Hey everyone Matt from New Zealand here. Is anyone else here from my part of the world?

Finished my master's in composition last year at Victoria university, Wellington studying under John Psathas. Make my bread from teaching guitar and tutoring composition at Victoria university but have done seven short films and about to start on a full length documentary on New Zealand sign language! which is a bit of a paradox but pretty interesting as I might represent what a deaf person would hear in the sound design.

cheers


----------



## Frederick Russ (Feb 18, 2006)

Welcome to VI Matt! New Zealand ay? Nice country - seems a lot of friends want to visit. Cool about the documentary. Share some snippets when you can.


----------



## Chrislight (Feb 18, 2006)

Hello Matt - welcome to VI! :D We are getting to have quite an international community here, although I don't know if there are any other New Zealanders here. Agreed - great country!
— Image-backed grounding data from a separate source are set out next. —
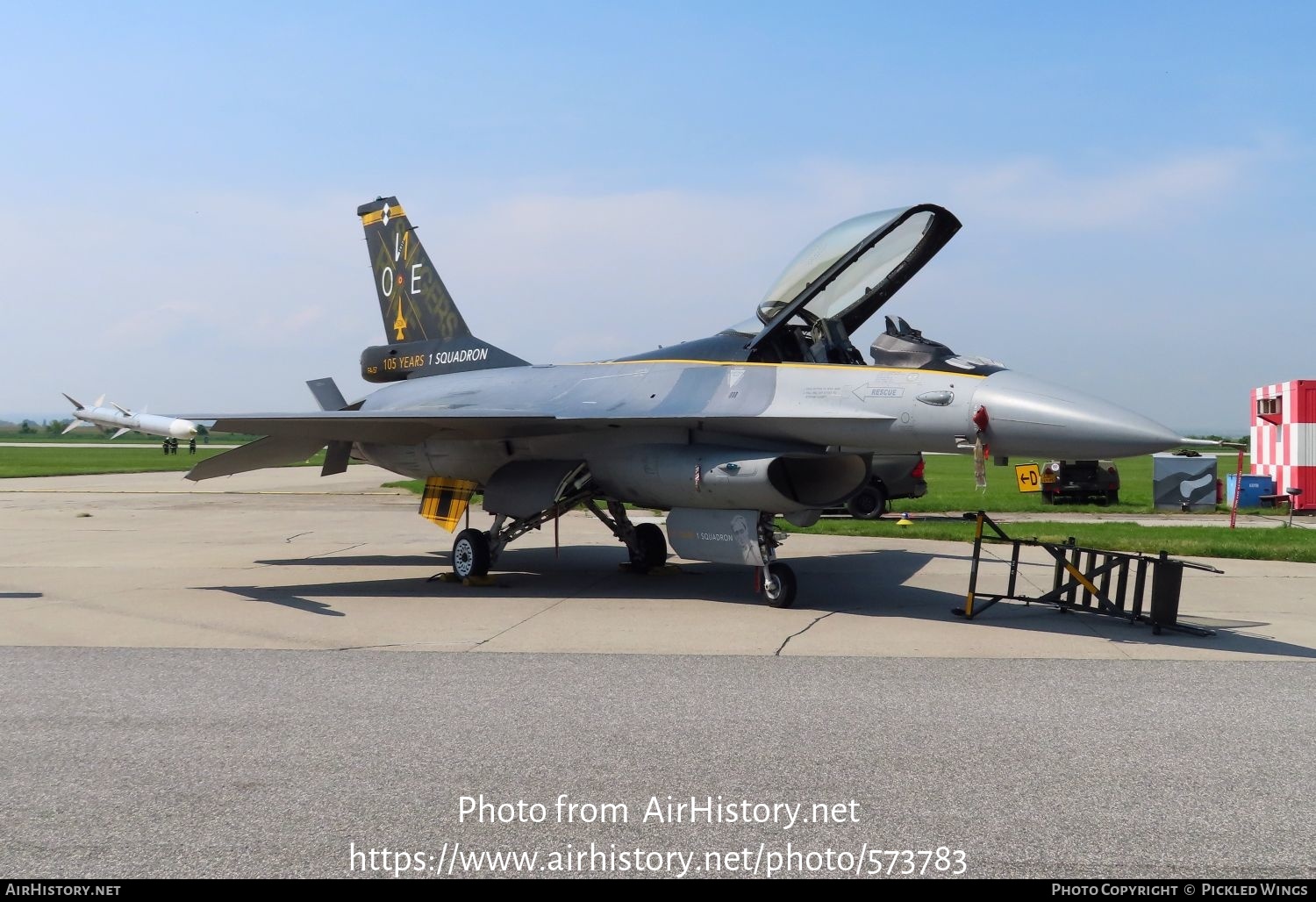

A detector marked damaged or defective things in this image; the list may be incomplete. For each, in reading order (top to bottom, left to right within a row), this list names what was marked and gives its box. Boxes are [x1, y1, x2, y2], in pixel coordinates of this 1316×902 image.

pavement crack [769, 611, 842, 653]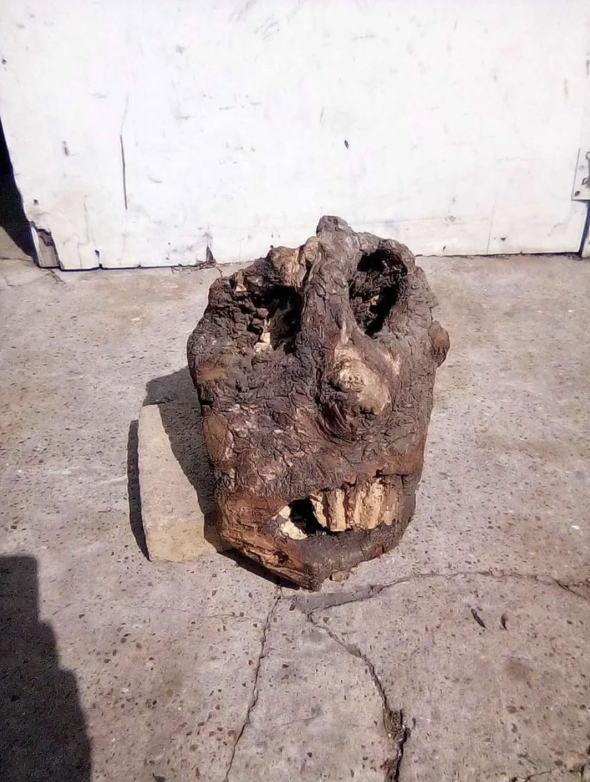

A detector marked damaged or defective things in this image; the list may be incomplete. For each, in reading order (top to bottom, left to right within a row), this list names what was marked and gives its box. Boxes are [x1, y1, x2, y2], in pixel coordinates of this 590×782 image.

concrete crack [292, 568, 590, 620]
concrete crack [224, 588, 284, 782]
concrete crack [308, 612, 410, 782]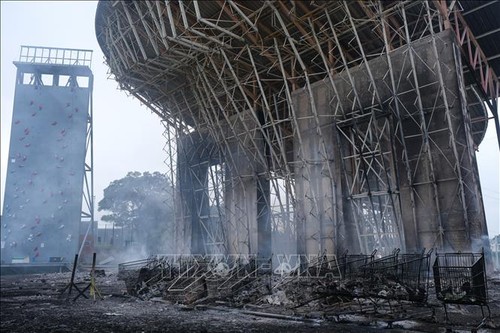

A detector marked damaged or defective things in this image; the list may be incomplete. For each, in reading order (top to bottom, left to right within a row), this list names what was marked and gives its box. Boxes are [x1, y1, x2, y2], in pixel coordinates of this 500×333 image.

charred roof structure [95, 1, 498, 262]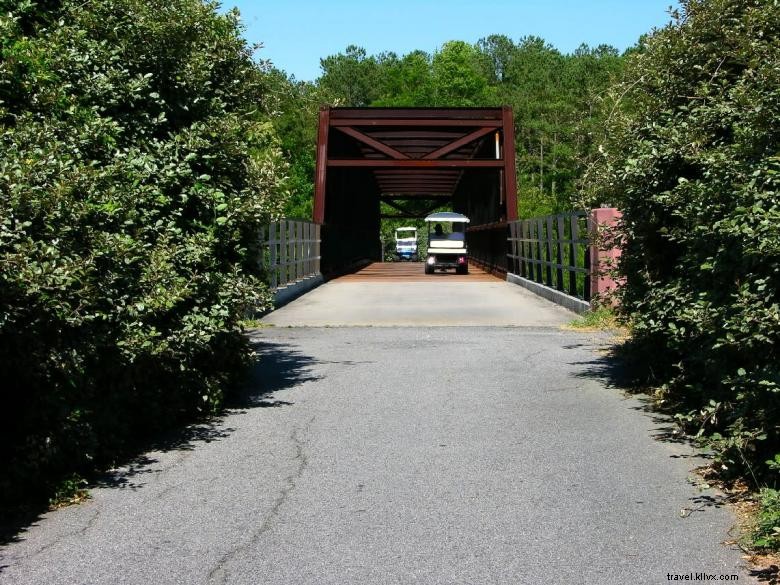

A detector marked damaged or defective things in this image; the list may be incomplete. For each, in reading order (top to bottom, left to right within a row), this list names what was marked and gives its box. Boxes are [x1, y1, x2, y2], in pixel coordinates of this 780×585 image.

rusted steel beam [314, 106, 330, 222]
rusted steel beam [334, 126, 412, 160]
rusted steel beam [424, 127, 496, 160]
rusted steel beam [500, 106, 516, 220]
crack in asphalt [210, 416, 316, 584]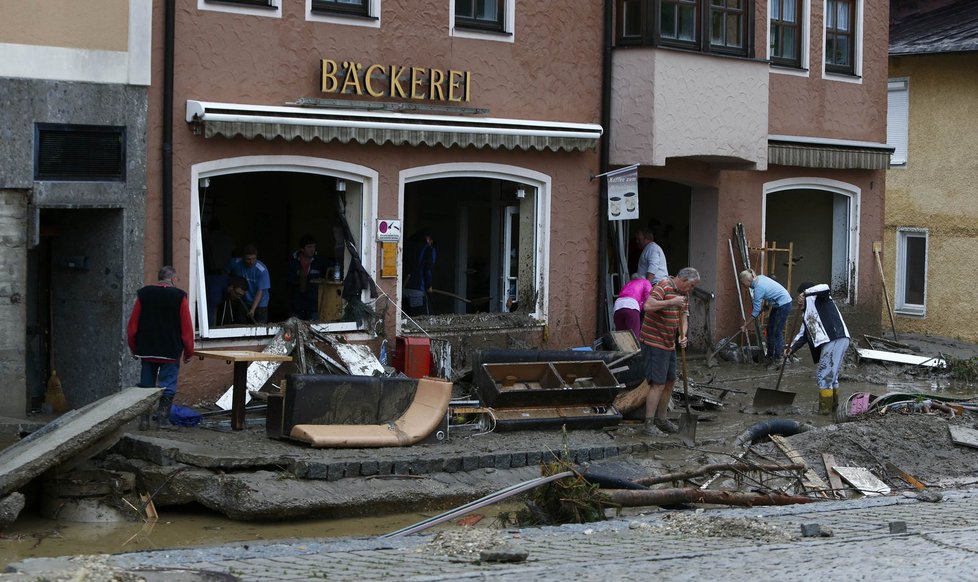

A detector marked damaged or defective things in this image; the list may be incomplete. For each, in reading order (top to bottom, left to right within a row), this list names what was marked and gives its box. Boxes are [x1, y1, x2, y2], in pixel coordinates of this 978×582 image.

broken window frame [189, 160, 376, 342]
broken window frame [396, 164, 548, 328]
broken window frame [892, 229, 924, 320]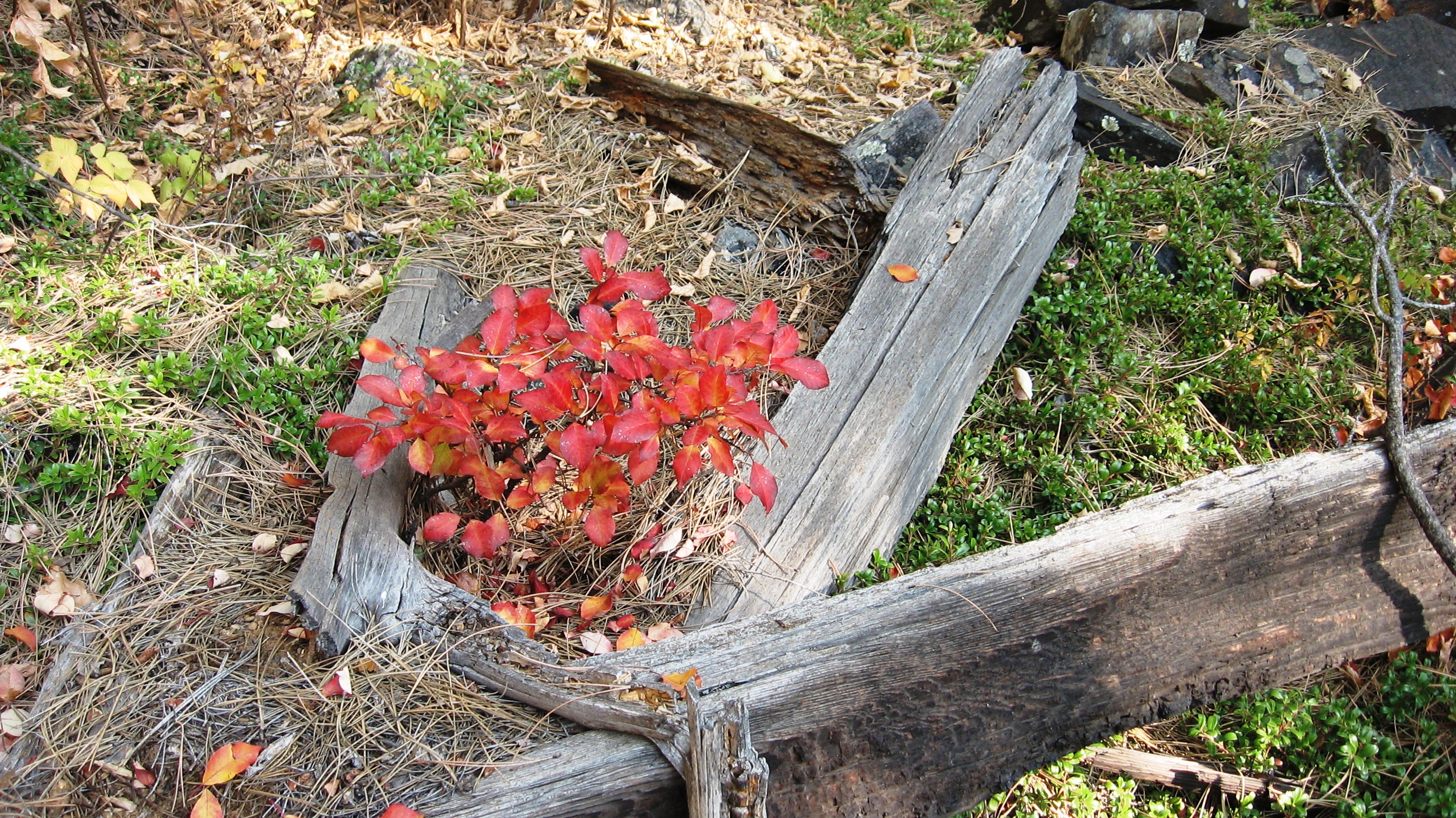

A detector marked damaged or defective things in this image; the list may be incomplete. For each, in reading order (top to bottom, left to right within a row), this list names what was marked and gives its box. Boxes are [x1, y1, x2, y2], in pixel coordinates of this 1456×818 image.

charred wood edge [0, 430, 242, 780]
charred wood edge [288, 265, 550, 666]
charred wood edge [684, 681, 768, 815]
charred wood edge [585, 56, 879, 240]
charred wood edge [690, 49, 1083, 622]
charred wood edge [428, 422, 1456, 815]
charred wood edge [1089, 751, 1304, 797]
charred wood edge [1316, 124, 1456, 576]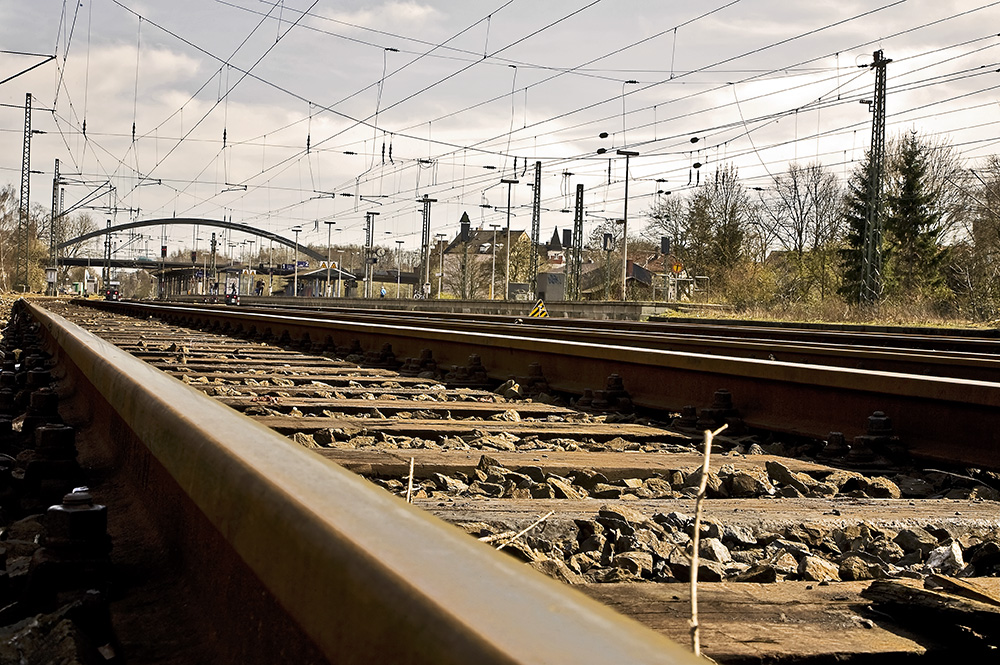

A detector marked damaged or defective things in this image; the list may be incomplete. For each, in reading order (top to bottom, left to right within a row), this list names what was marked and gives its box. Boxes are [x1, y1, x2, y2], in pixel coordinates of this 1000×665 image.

rusty rail surface [29, 300, 704, 664]
rusty rail surface [86, 298, 1000, 470]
Enjoy your time here.


----------



## Styrus (Feb 20, 2006)

Hey Matt. Yep, I'm also from New Zealand. Though you are about 12 hours drive from me here in Whangarei!

Anyway, welcome to V.I.


----------



## Sid_Barnhoorn (Feb 20, 2006)

Hi Matt,

Welcome to V.I.!

Cheers,


----------



## TheoKrueger (Feb 20, 2006)

Hi Matt! WElcome aboard man. I'm in Melbourne now


----------



## mattmann (Feb 20, 2006)

Styrus @ Mon Feb 20 said:


> Hey Matt. Yep, I'm also from New Zealand. Though you are about 12 hours drive from me here in Whangarei!
> 
> Anyway, welcome to V.I.



Hi Stephen its great to see someone else from nz on these digital music forums as I've never come across anyone from the other forums I'm on!


----------